[SOLVED] AttributeError: 'DynamicCache' object has no attribute 'seen

AttributeError: 'DynamicCache' object has no attribute 'seen_tokens'

I'm following the Hands-On Large Language Models book to learn more about LLMs. I'm trying to generate text using the "microsoft/Phi-3-mini-4k-instruct" model which is used in the book.
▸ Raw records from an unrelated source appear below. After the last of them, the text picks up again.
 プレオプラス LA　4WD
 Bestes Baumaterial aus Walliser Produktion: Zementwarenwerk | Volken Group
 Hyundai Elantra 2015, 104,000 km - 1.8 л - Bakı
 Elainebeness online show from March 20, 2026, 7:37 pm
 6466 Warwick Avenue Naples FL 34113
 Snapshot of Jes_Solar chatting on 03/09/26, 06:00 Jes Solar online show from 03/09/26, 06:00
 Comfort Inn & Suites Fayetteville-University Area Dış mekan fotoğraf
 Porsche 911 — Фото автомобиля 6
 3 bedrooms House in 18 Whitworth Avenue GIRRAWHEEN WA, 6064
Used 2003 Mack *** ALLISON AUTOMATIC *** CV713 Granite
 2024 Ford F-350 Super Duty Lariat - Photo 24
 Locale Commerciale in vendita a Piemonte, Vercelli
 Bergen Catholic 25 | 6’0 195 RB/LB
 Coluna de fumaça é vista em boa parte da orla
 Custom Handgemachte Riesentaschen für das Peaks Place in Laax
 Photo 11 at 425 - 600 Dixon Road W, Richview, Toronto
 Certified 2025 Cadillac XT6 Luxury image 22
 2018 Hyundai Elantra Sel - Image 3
Somehow I get an error while trying the example code:

from transformers import AutoModelForCausalLM, AutoTokenizer, pipeline

# Load model and tokenizer
model = AutoModelForCausalLM.from_pretrained(
    "microsoft/Phi-3-mini-4k-instruct",
    #device_map = "cuda",
    torch_dtype = "auto",
    trust_remote_code = True
)
tokenizer = AutoTokenizer.from_pretrained("microsoft/Phi-3-mini-4k-instruct")

# create a pipeline
generator = pipeline(
    "text-generation",
    model = model,
    tokenizer = tokenizer,
    return_full_text = False,
    max_new_tokens = 500,
    do_sample = False
)

# The prompt 
messages = [
    {"role": "user",
     "content": "Create a funny joke about chickens."}
]

# Generate output
output = generator(messages)
print(output[0]["generated_text"])

Which returns the following error:

---------------------------------------------------------------------------
AttributeError                            Traceback (most recent call last)
/tmp/ipython-input-1474234034.py in <cell line: 0>()
      6 
      7 # Generate output
----> 8 output = generator(messages)
      9 print(output[0]["generated_text"])

8 frames
~/.cache/huggingface/modules/transformers_modules/microsoft/Phi-3-mini-4k-instruct/0a67737cc96d2554230f90338b163bc6380a2a85/modeling_phi3.py in prepare_inputs_for_generation(self, input_ids, past_key_values, attention_mask, inputs_embeds, **kwargs)
   1289             if isinstance(past_key_values, Cache):
   1290                 cache_length = past_key_values.get_seq_length()
-> 1291                 past_length = past_key_values.seen_tokens
   1292                 max_cache_length = past_key_values.get_max_length()
   1293             else:

AttributeError: 'DynamicCache' object has no attribute 'seen_tokens'

The model is loading, but I don't know why this error is happening.

Solution

This issue is being caused by the trust_remote_code=True parameter. Please modify it as follows:

# Load model and tokenizer
model = AutoModelForCausalLM.from_pretrained(
    "microsoft/Phi-3-mini-4k-instruct",
    #device_map = "cuda",
    torch_dtype = "auto",
    trust_remote_code = False  # Change to False
)

trust_remote_code=True causes the download of outdated custom code from the Hugging Face Hub. This legacy code uses the past_key_values.seen_tokens attribute, which no longer exists in the current transformers library's DynamicCache class. Since the Phi-3 model is now included in the transformers library, custom code is no longer required. The transformers library code instead uses get_seq_length() in place of seen_tokens.